Made with AI
Crab Cake with Sicilian Alfredo Olive Oil White Wine Sauce
Ingredients
- crab cakes4 (85g each) piece
- extra virgin olive oil2 tablespoon
- garlic, smashed3 clove
- heavy cream0,75 cup
- dry white wine0,33 cup
- Romano cheese, grated0,25 cup
- fresh marjoram, chopped1 tablespoon
- mixed peppercorns, crushed1 teaspoon
- fresh parsley, chopped1 tablespoon
- sea salt0,5 teaspoon
Instructions
- 1
Preheat your oven to 375°F (190°C) if baking the crab cakes, or heat a skillet over medium heat if pan-frying.
- 2
In a large skillet, heat 2 tablespoons of extra virgin olive oil over medium heat.

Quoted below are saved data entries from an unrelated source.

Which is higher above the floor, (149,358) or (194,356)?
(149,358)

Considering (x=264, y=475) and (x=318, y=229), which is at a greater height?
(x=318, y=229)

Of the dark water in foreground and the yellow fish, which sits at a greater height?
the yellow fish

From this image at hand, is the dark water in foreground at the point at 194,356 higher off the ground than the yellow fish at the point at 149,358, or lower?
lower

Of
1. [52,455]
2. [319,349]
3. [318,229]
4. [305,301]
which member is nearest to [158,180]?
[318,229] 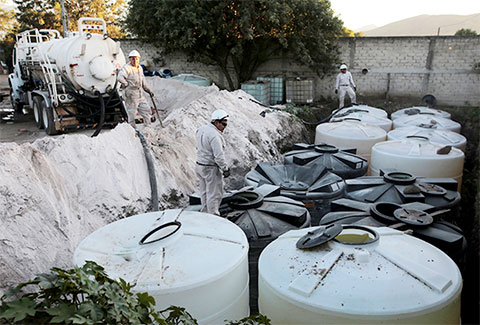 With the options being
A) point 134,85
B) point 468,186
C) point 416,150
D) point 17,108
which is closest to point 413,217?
point 416,150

Add the smashed garlic cloves and sauté for 1-2 minutes until fragrant, but not browned.
- 3
Pour in
- 4
33 cup of dry white wine and let it simmer for 2-3 minutes, reducing slightly.
- 5
Add
- 6
75 cup of heavy cream to the skillet and stir well. Bring to a gentle simmer.
- 7
Stir in
- 8
25 cup of grated Romano cheese, 1 tablespoon of chopped fresh marjoram, 1 teaspoon of crushed mixed peppercorns, and
- 9
5 teaspoon of sea salt. Continue to simmer, stirring frequently, until the sauce thickens (about 3-5 minutes).
- 10
While the sauce is simmering, cook the crab cakes according to package instructions or your preferred method (bake or pan-fry) until golden and heated through.
- 11
Once the sauce has thickened, remove the smashed garlic cloves and discard them. Taste and adjust seasoning if needed.
- 12
To serve, place the hot crab cakes on plates and generously spoon the Sicilian Alfredo olive oil white wine sauce over each crab cake.
- 13
Garnish with 1 tablespoon of chopped fresh parsley. Serve immediately and enjoy!